A faithful transcription of all the data, images excluded, is the required answer.

RECORDS SHOWN:
####

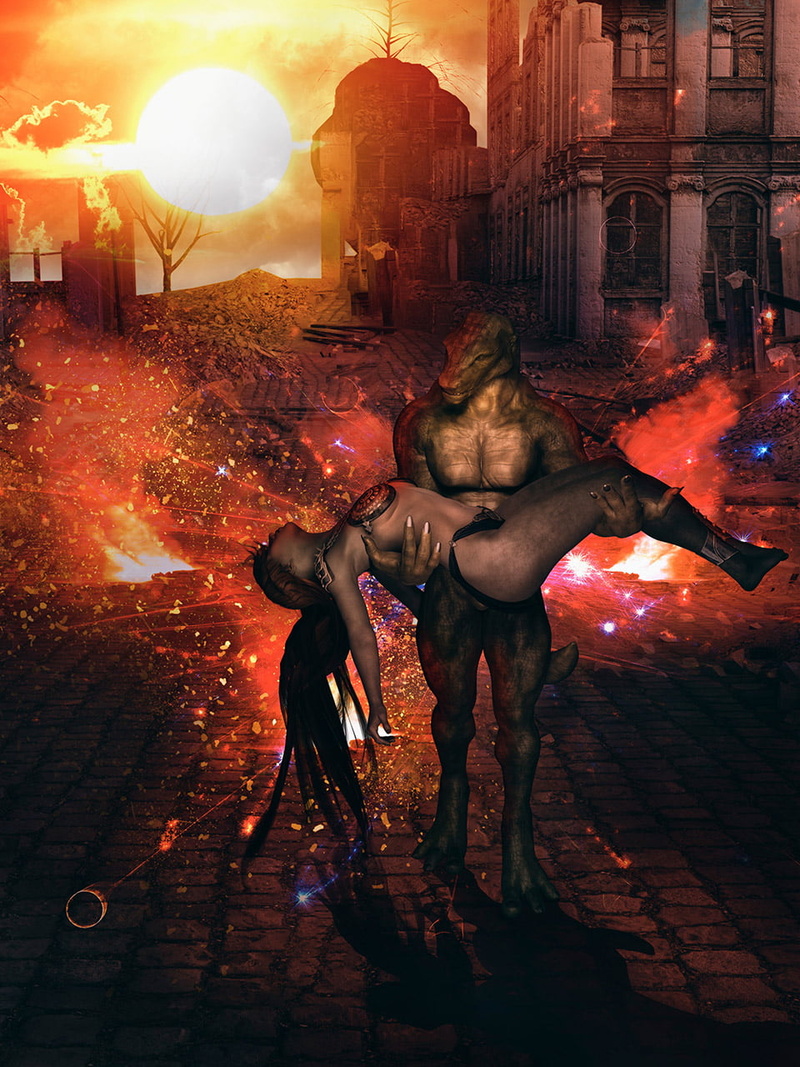 720P, artwork, couple, book cover, fantasy art, graphic novels, poster, romance, photo manipulation, digital art, photo montage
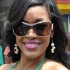 dc_carnival_2010_pt2-018
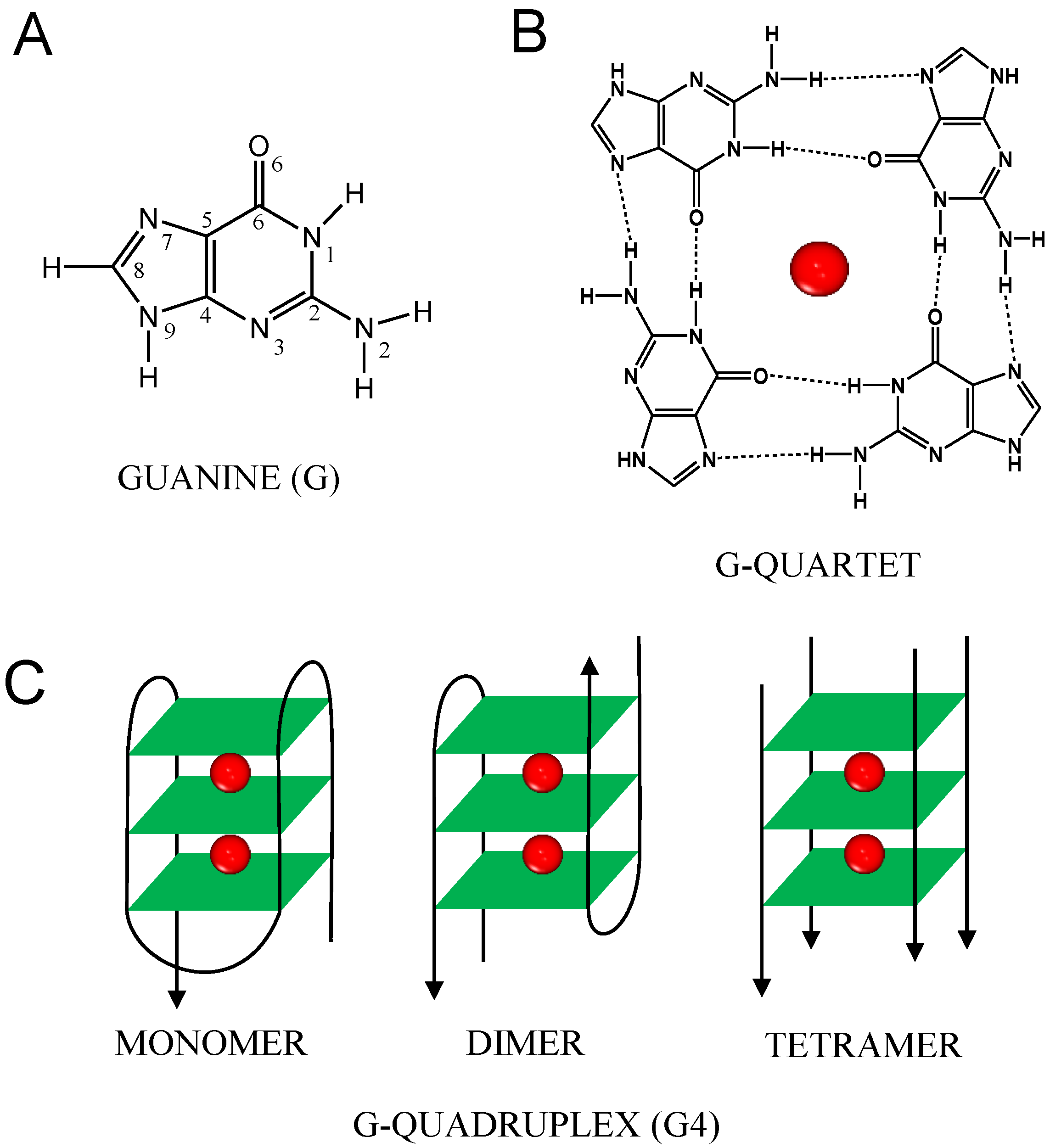 Chemosensors 04 00013 sch001
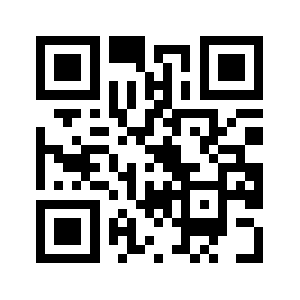 Qianyutzgl.com QR code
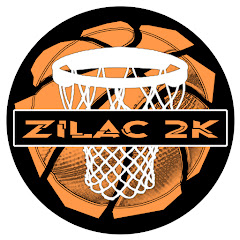 Zilac 2k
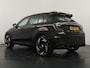 Abarth 600e Turismo 54 kWh | Orig. NL Auto | lage km stand |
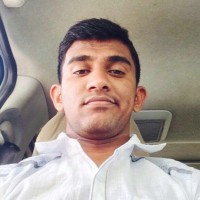 SHUHAIB MOHAMED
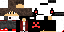 Texture for The_Abbott555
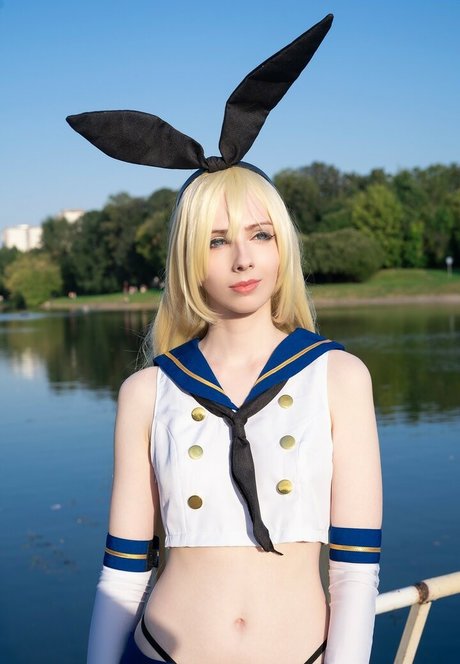 pornstar onlyfans free porn images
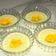 El cooksnap de idurre_ucin cuando hizo Panna cotta de chocolate blanco.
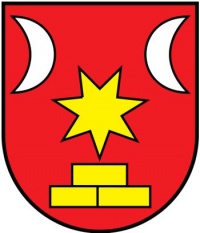 Zaberfeld1.jpg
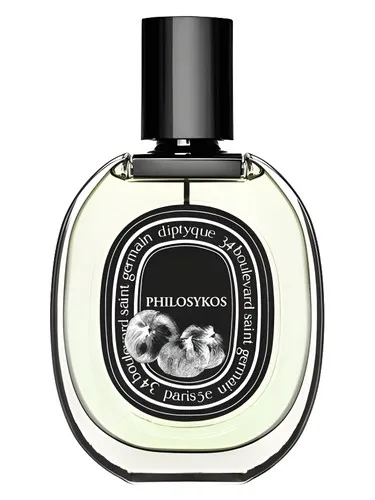 Diptyque Philosykos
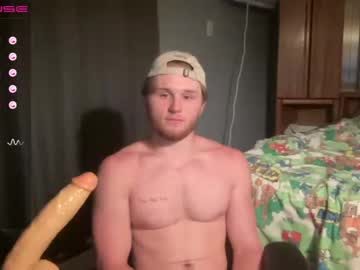 Nude man jjswrldd image #4393690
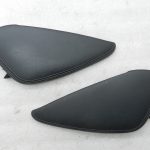 Nissan Qashqai oriģinālo paneļu konsoles komplekts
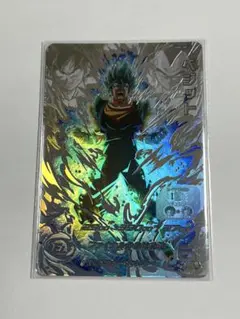 2026年最新】ugm4 lcの人気アイテム - メルカリ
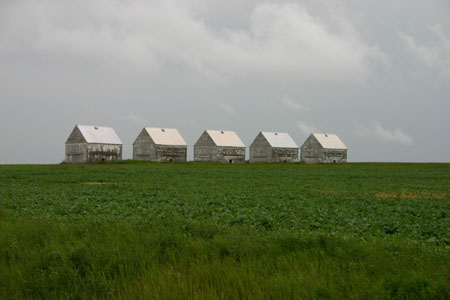 Canada_Road_Trip_42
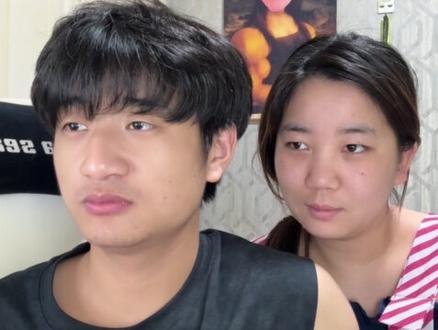 这抽象早教动画看完真的笑到打鸣!哈哈哈哈哈哈! 这抽象早教动画看完真的笑到打鸣!哈哈哈哈哈哈!#搞笑 #抽象
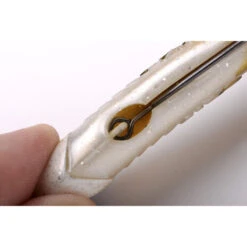 SPRO - Softbaits Gutsbait UV - SPRO -Hoogwaardige Visuitrusting 1958281335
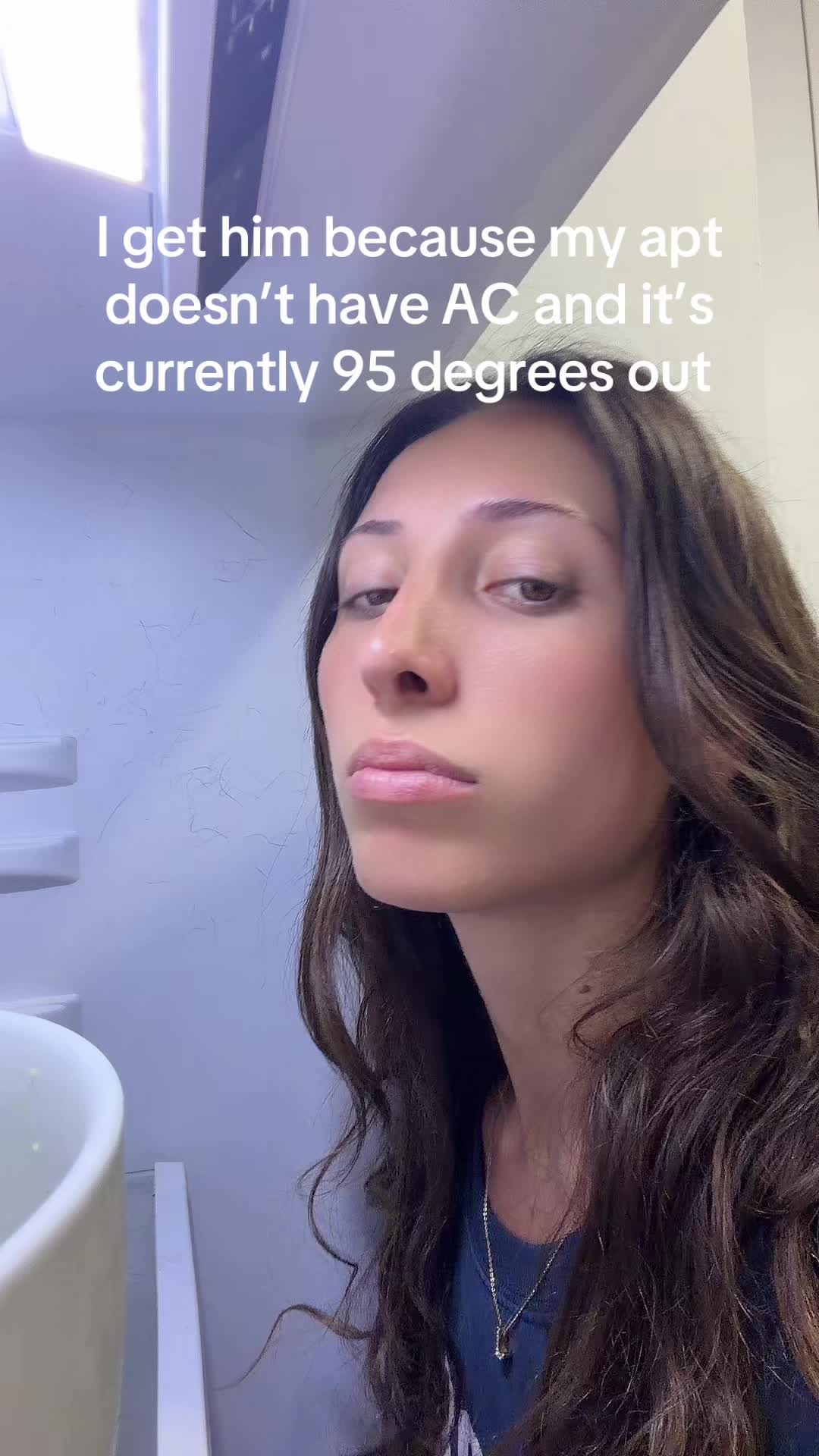 @amelia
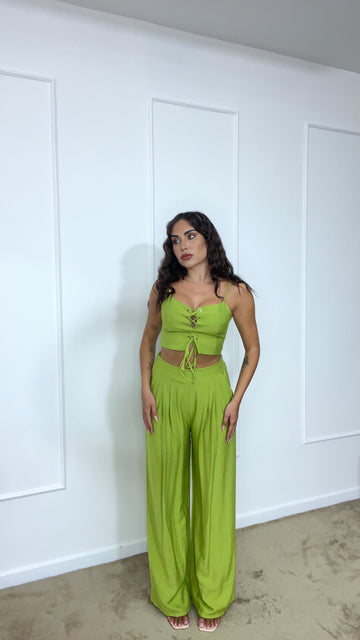 Coordset Lorenza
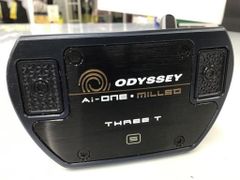 ほぼ未使用品 Shotlytゴルフローンチモニター - メルカリ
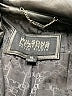 Wilsons Leather 100% Leather Black Blazer Size XL - photo 6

####

RESULT BELOW:
 720P, artwork, couple, book cover, fantasy art, graphic novels, poster, romance, photo manipulation, digital art, photo montage
 dc_carnival_2010_pt2-018
 Chemosensors 04 00013 sch001
 Qianyutzgl.com QR code
 Zilac 2k
 Abarth 600e Turismo 54 kWh | Orig. NL Auto | lage km stand |
 SHUHAIB MOHAMED
 Texture for The_Abbott555
 pornstar onlyfans free porn images
 El cooksnap de idurre_ucin cuando hizo Panna cotta de chocolate blanco.
 Zaberfeld1.jpg
 Diptyque Philosykos
 Nude man jjswrldd image #4393690
 Nissan Qashqai oriģinālo paneļu konsoles komplekts
 2026年最新】ugm4 lcの人気アイテム - メルカリ
 Canada_Road_Trip_42
 这抽象早教动画看完真的笑到打鸣!哈哈哈哈哈哈! 这抽象早教动画看完真的笑到打鸣!哈哈哈哈哈哈!#搞笑 #抽象
 SPRO - Softbaits Gutsbait UV - SPRO -Hoogwaardige Visuitrusting 1958281335
 @amelia
 Coordset Lorenza
 ほぼ未使用品 Shotlytゴルフローンチモニター - メルカリ
 Wilsons Leather 100% Leather Black Blazer Size XL - photo 6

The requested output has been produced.